Directions — Starting with the line that contains "15 Amazing Odd Eyed Cats Amazing Creatures", repeat exactly every line through the last one in the records below, and leave out the pictures.

(Captioned web images)

##########

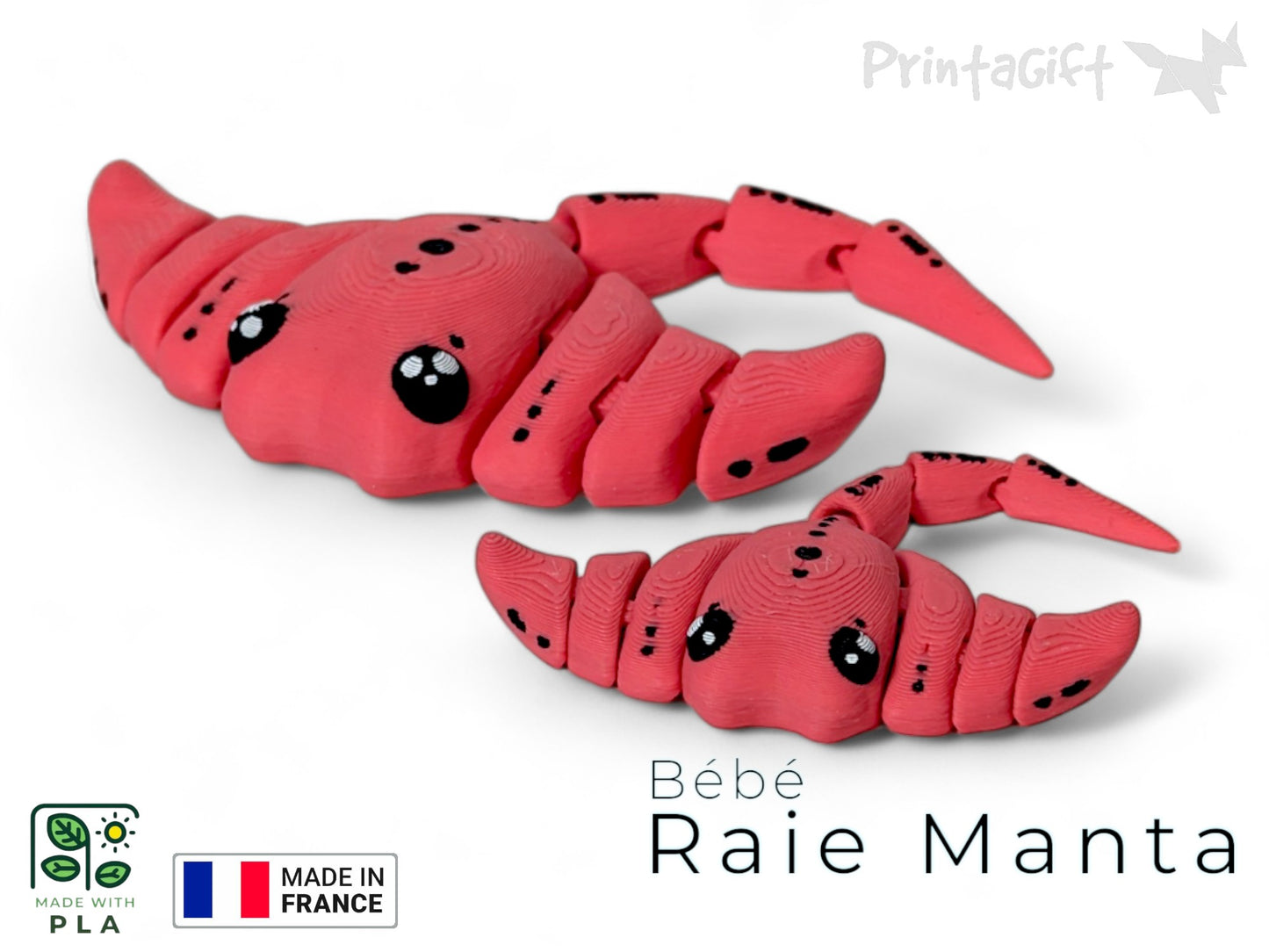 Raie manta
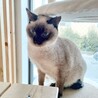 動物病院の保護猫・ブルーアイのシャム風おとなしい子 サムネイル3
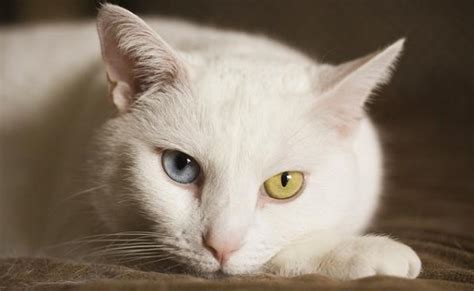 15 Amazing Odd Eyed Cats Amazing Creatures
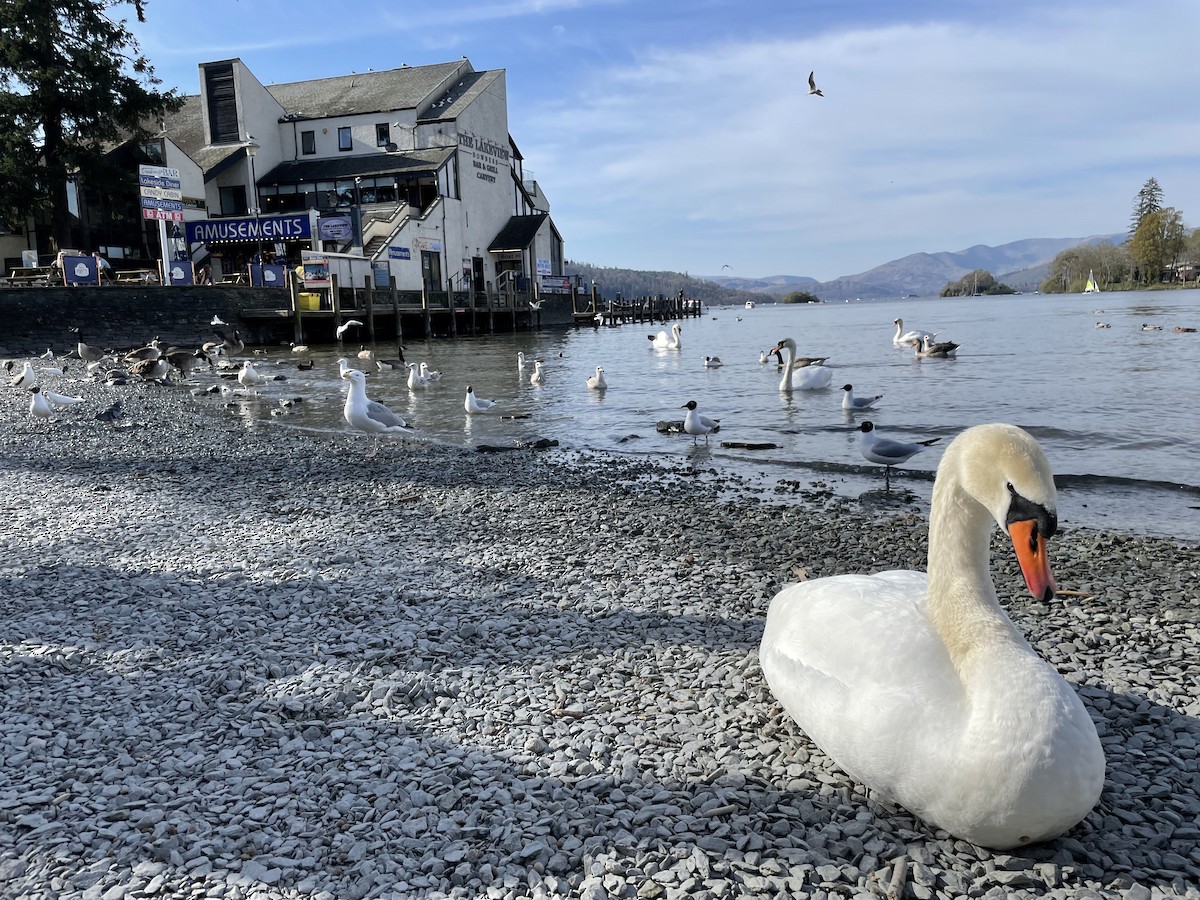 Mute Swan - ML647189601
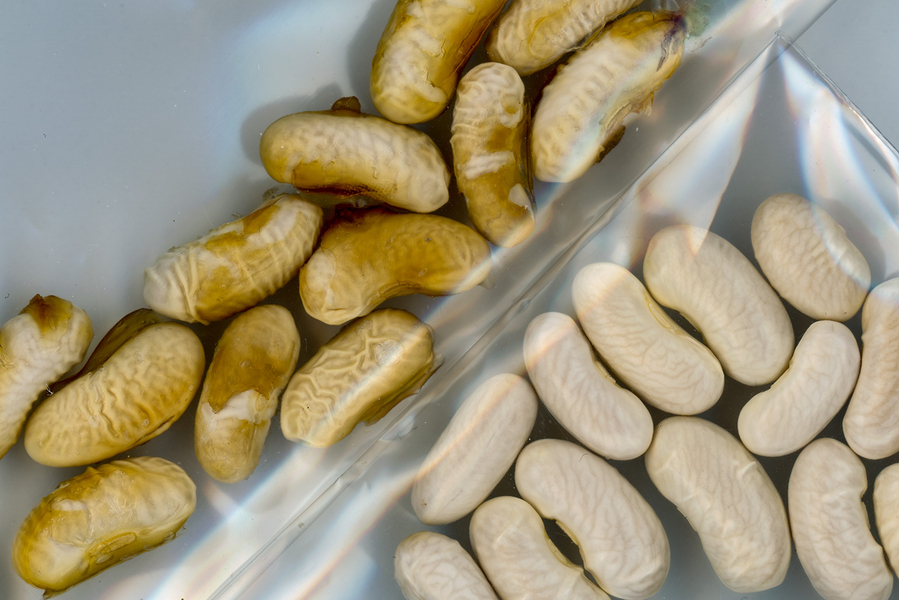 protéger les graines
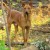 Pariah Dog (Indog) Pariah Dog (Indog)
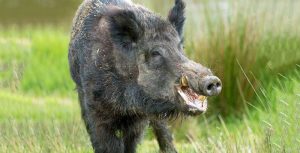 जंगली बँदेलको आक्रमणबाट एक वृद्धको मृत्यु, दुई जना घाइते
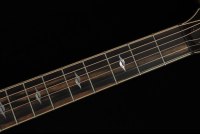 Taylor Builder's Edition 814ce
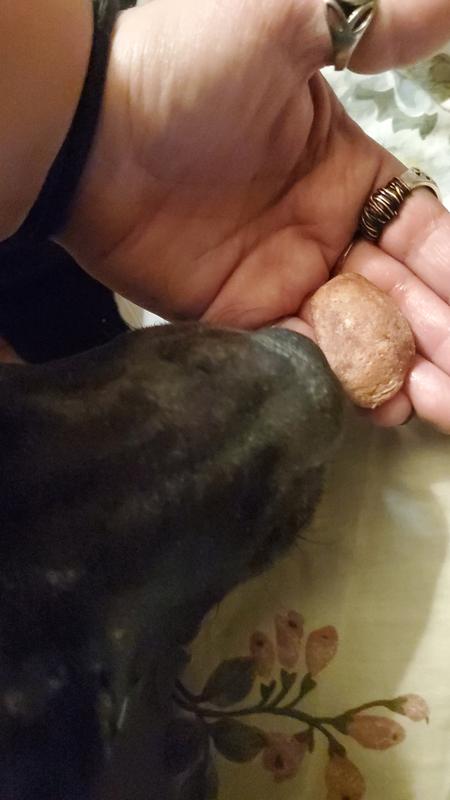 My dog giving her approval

##########

Exercise result —
 15 Amazing Odd Eyed Cats Amazing Creatures
 Mute Swan - ML647189601
 protéger les graines
 Pariah Dog (Indog) Pariah Dog (Indog)
 जंगली बँदेलको आक्रमणबाट एक वृद्धको मृत्यु, दुई जना घाइते
 Taylor Builder's Edition 814ce
 My dog giving her approval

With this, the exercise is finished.